Adding to the weirdness factor, Mr. Wiener served for several years in the late ‘70s and early ‘80s as the New York director for the U.S. Department of Housing and Urban Development, during which time the agency insured and funded over 50,000 new and renovated multifamily units.
As part of the Wells Fargo system, Mr. Wiener’s dominion is vast and the result of the bank’s long-standing role as a big commercial real estate lender. “We’re a huge real estate bank,” he told The Mortgage Observer recently in his office. “Our philosophy is who we lend to. If you look at the downturn in ’08, Wells fared fine. And why did it fare fine? Because of who we lend to. We actually like to get paid back.”
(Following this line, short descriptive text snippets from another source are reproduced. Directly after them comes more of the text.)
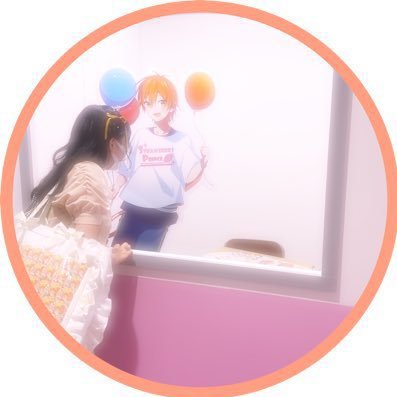 不思議の国のこいるん🐏🧡さんのプロフィール画像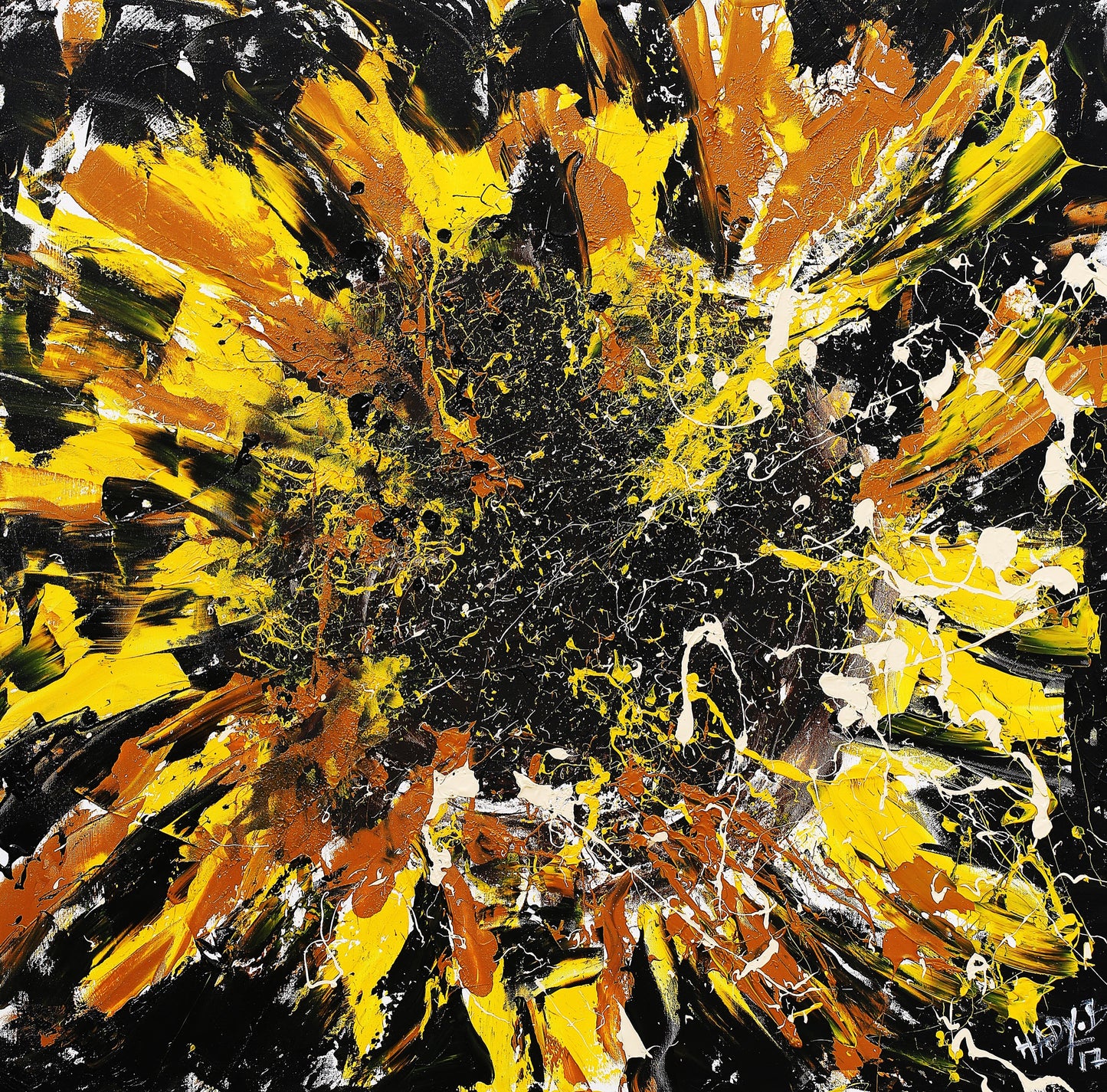 SUNFLOWER X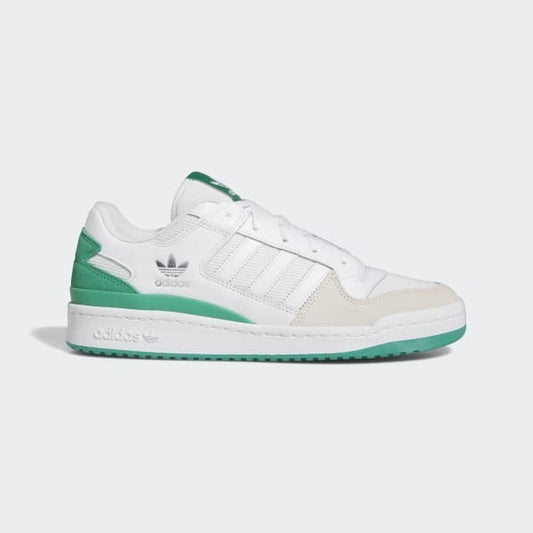 Adidas Forum Low Classic Cloud White Court Green FZ6262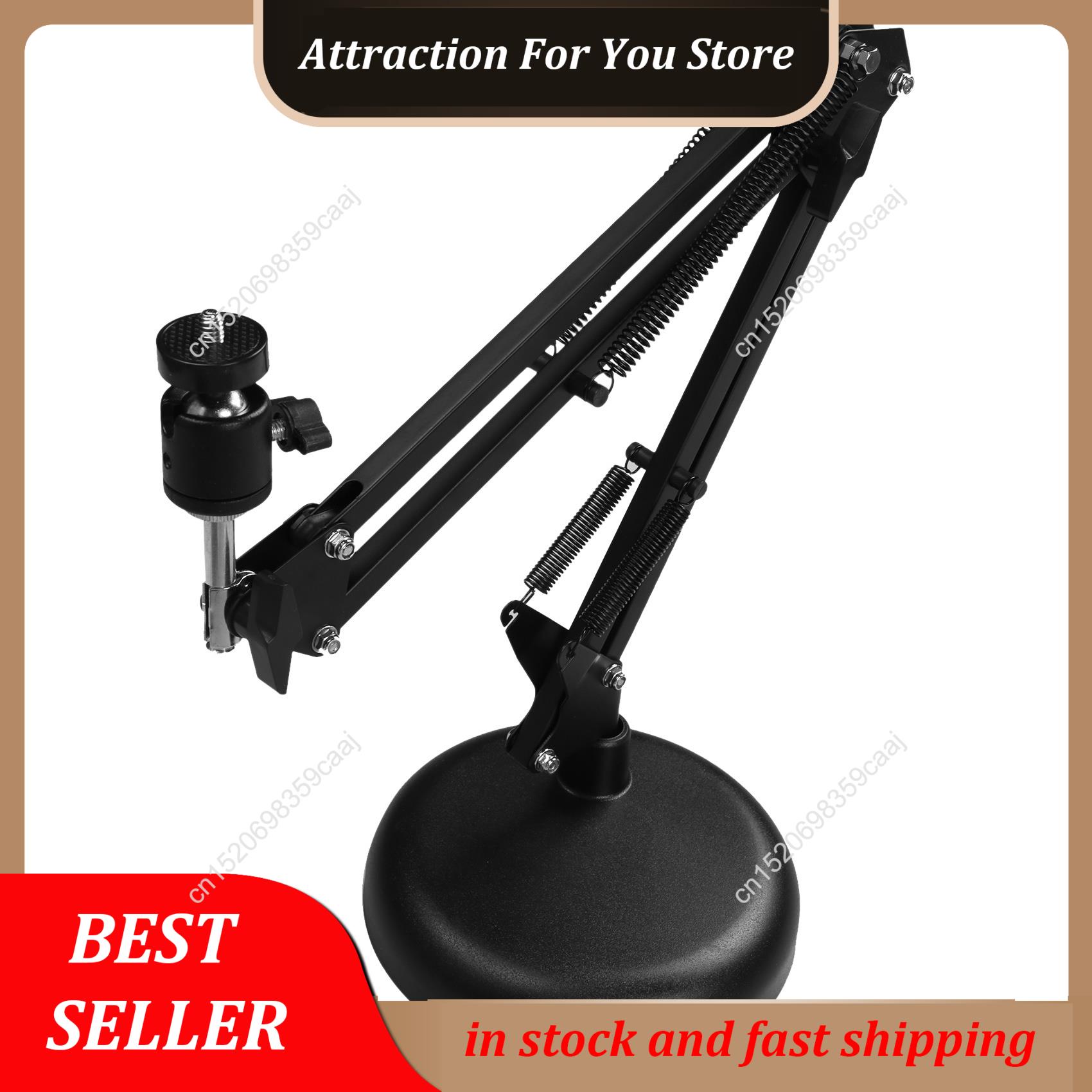 Hot Selling Webcam Stand For D - Boom Arm Stand recension och pris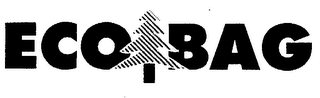 ECO BAG logo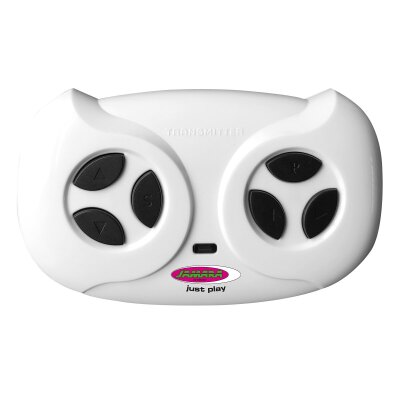 Ride-on Lamborghini Revuelto orange 2,4GHz Li-Power 12.6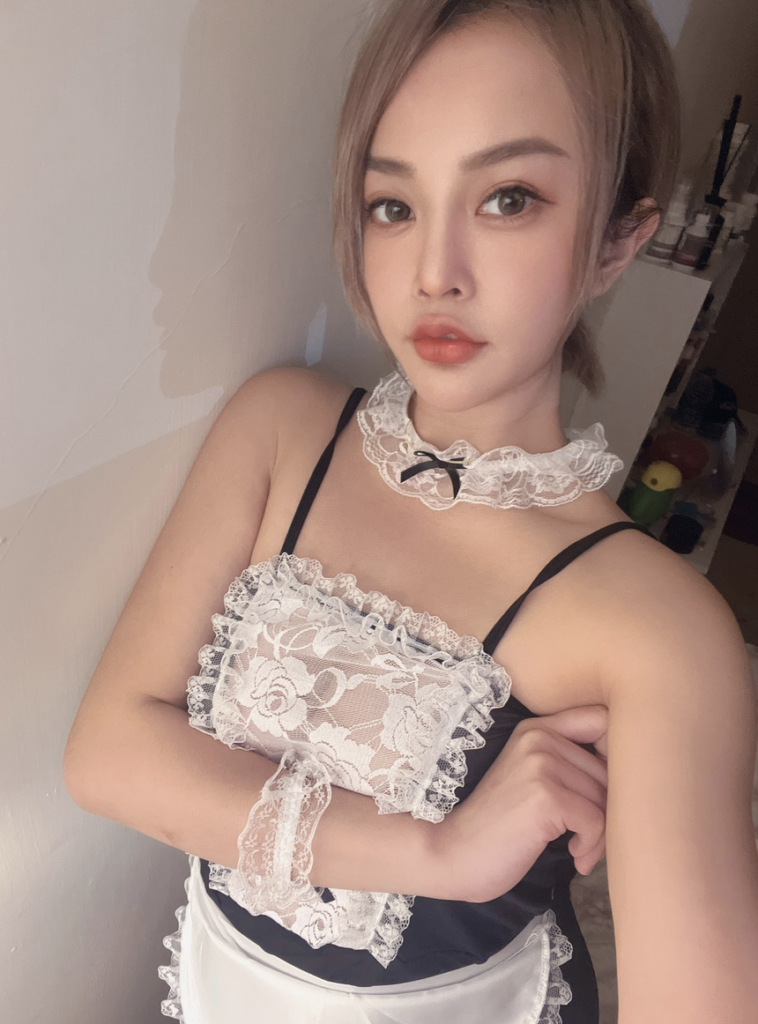 台灣退役AV女優 Una優娜 tien_una swag女主播 yuchi82_una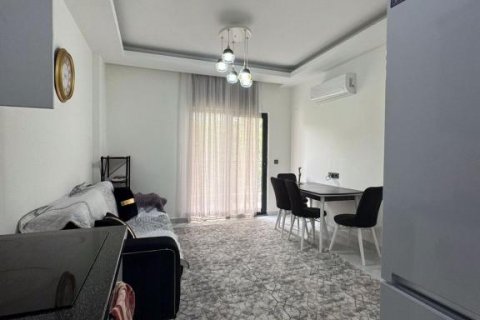 آپارتمان در  Mahmutlar ، امارات متحده عربی 60 متر مربع.  شماره 184528 - 4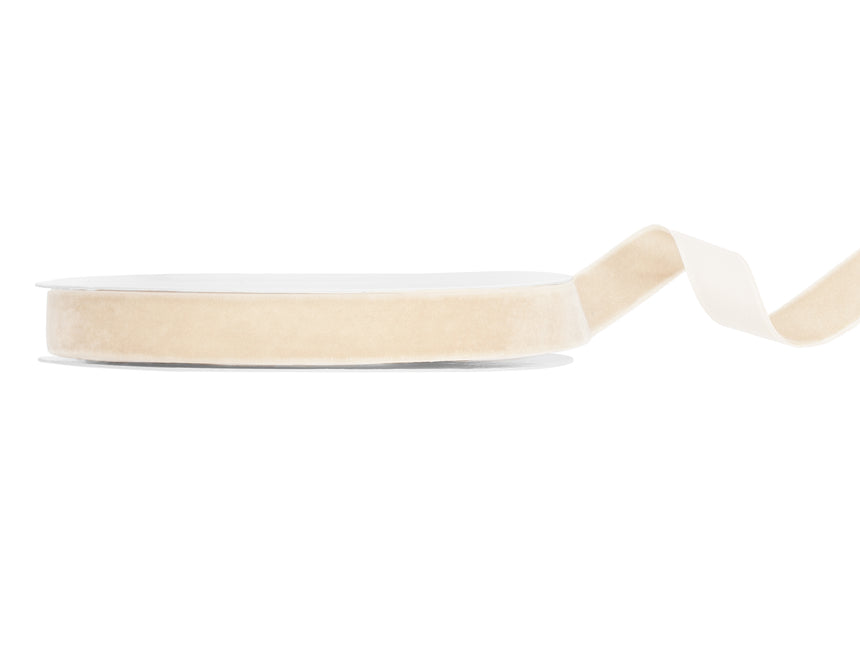 Beige Farbband 10m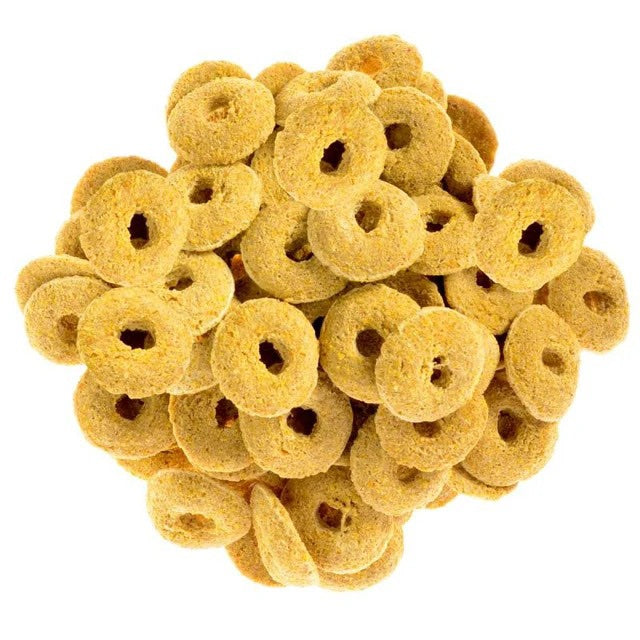 Hestevard BozMerix CrunchTabs 900g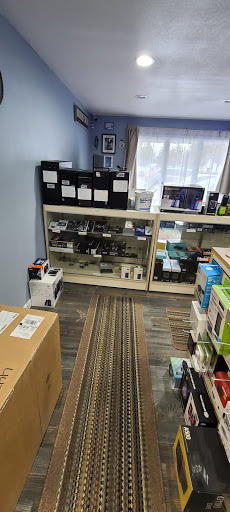 Computer Store «Computer Shack», reviews and photos, 18522 Veterans Memorial Dr E, Bonney Lake, WA 98391, USA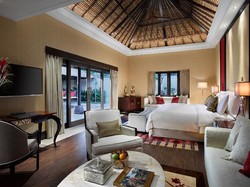 Trans-Vengers, Pejuang COVID-19 di The Trans Resort Bali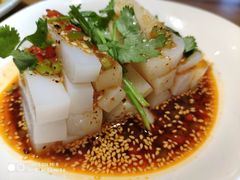 -品回味清真西北楼(宁波首店)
Today that means financing deals for the likes of the Gotham Organization, Starwood (STWD), Blackstone (BX) and the Related Companies—all organizations able to see an upside to building ever-popular multifamily housing in New York City, where the 421-a tax abatement means most rentals go up as 80/20 projects.
Mr. Wiener said that Wells Fargo has a large pipeline of 80/20 program developments going into 2012 and 2013 and that they’re “with the normal guys you’d think we’d do business with.”